* _EXERCISE AIM_
Return the line containing "Dodge Dart 4dr Sdn GT 2014" together with every later line up to the end of the records, exactly and with no pictures; return nothing else.

....

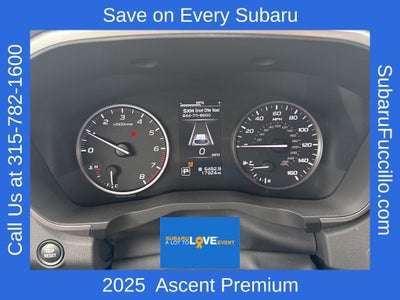 2025 Subaru Ascent Premium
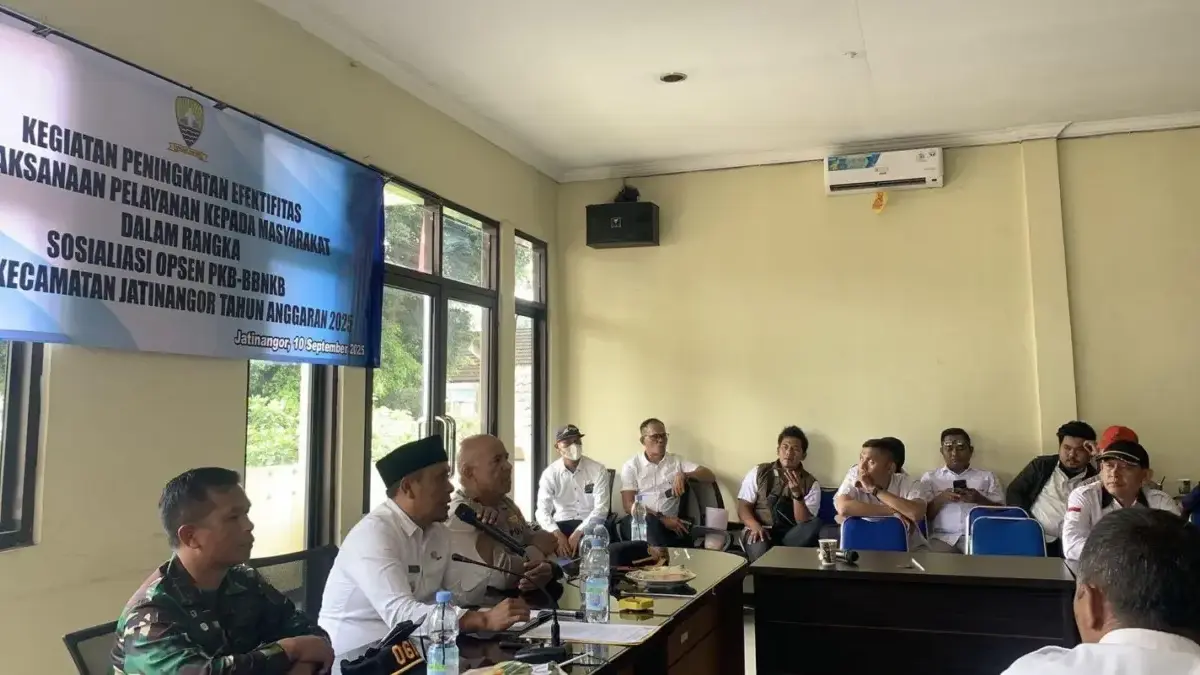 Sosialisasi Opsen PKB-BBNKB di Jatinangor Dorong Peningkatan PAD Sumedang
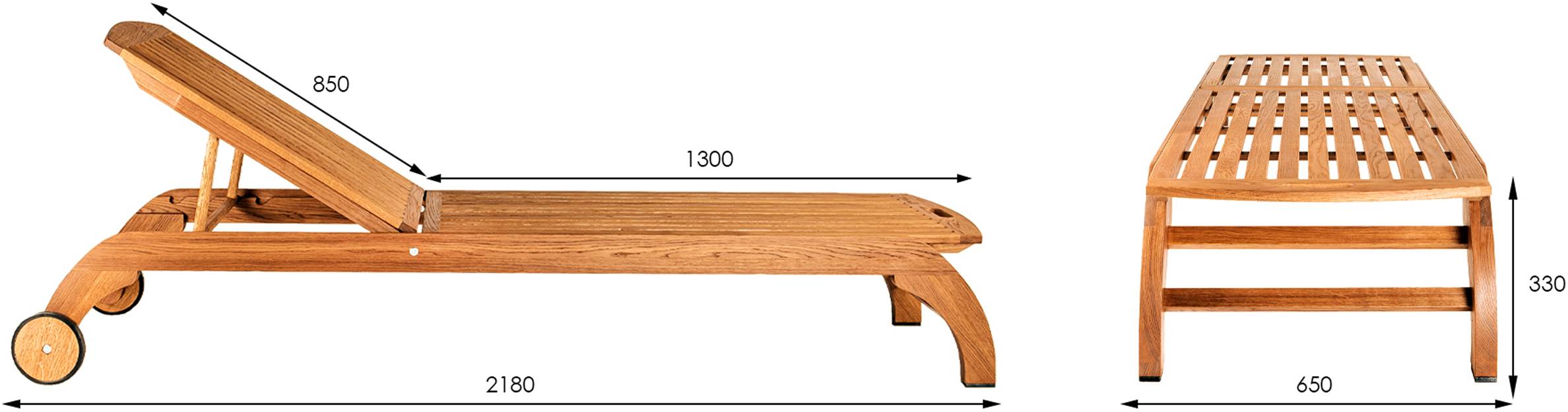 Шезлонг California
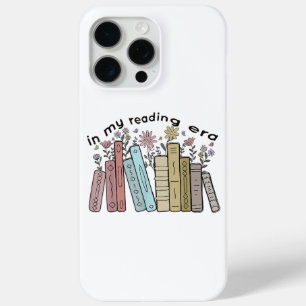 Coque iPhone 15 Pro Max Citation Drôle Lecteur De Livre Dans Mon Époque De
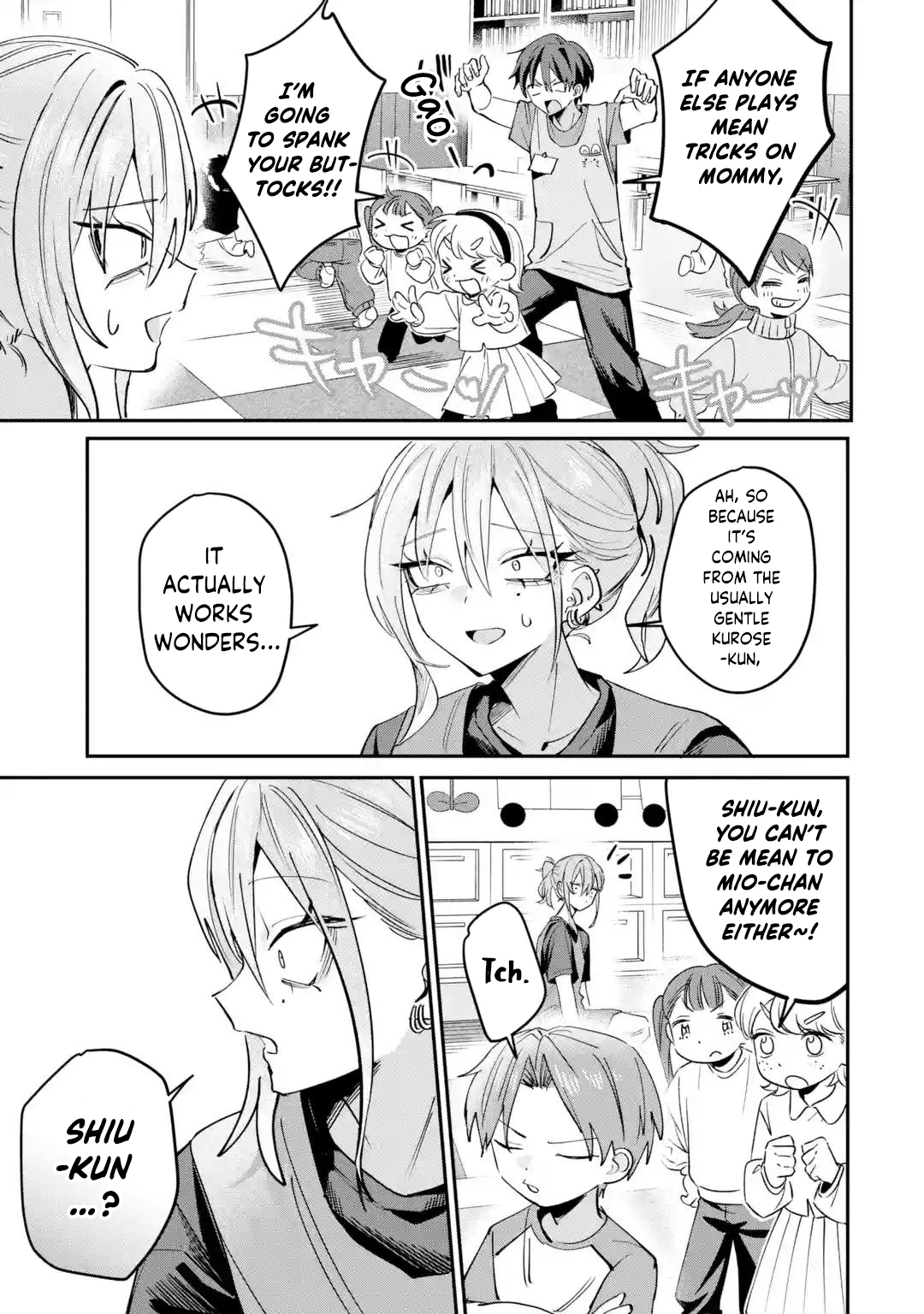 Haimiya-senpai wa Kowakute Kawaii, chapter 29, image 14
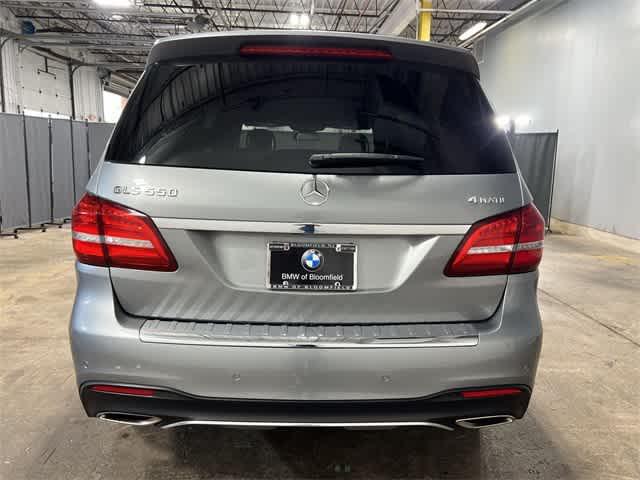 used 2017 Mercedes-Benz GLS 550 car, priced at $21,499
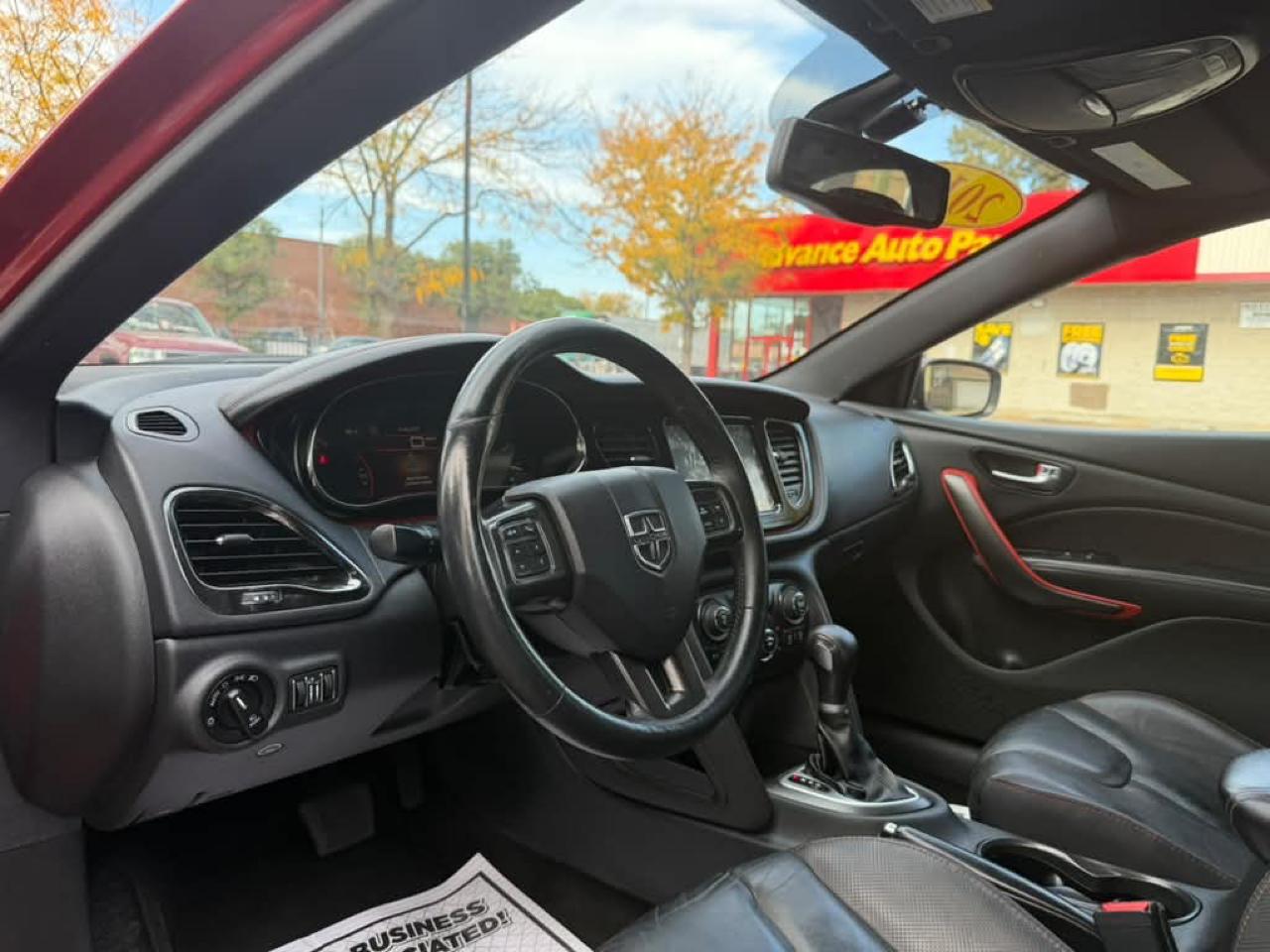 Dodge Dart 4dr Sdn GT 2014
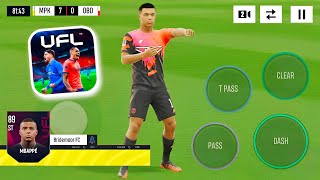 UFL MOBILE 2026 UPDATE ANDROID / iOS • UFL SOCCER GAME 2026 GAMEPLAY screenshot 1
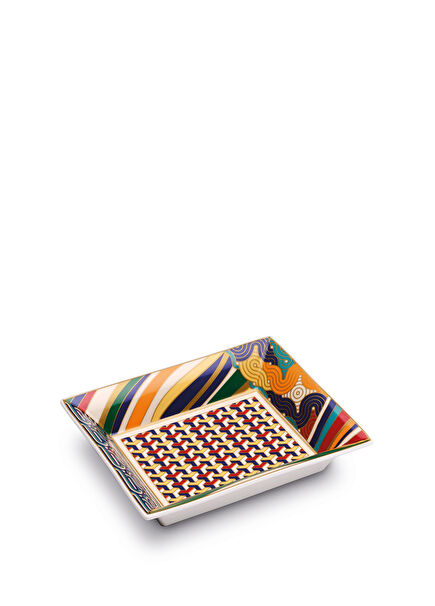 Living Porselen Dekoratif Tabak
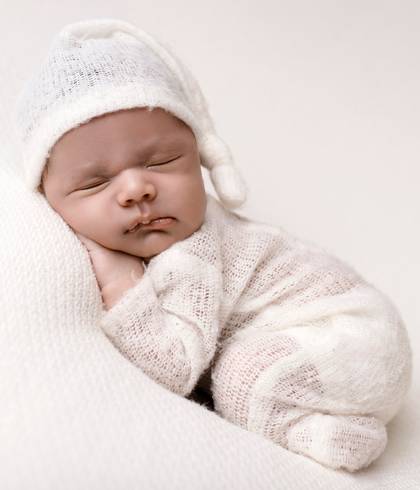 Ensaio Newborn de Vicente, 22 dias
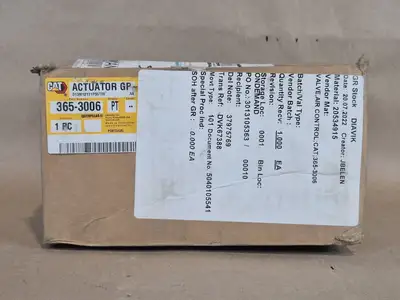 NEW CATERPILLAR 365-3006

....

* _EXERCISE OUTPUT_
 Dodge Dart 4dr Sdn GT 2014
 UFL MOBILE 2026 UPDATE ANDROID / iOS • UFL SOCCER GAME 2026 GAMEPLAY screenshot 1
 Living Porselen Dekoratif Tabak
 Ensaio Newborn de Vicente, 22 dias
 NEW CATERPILLAR 365-3006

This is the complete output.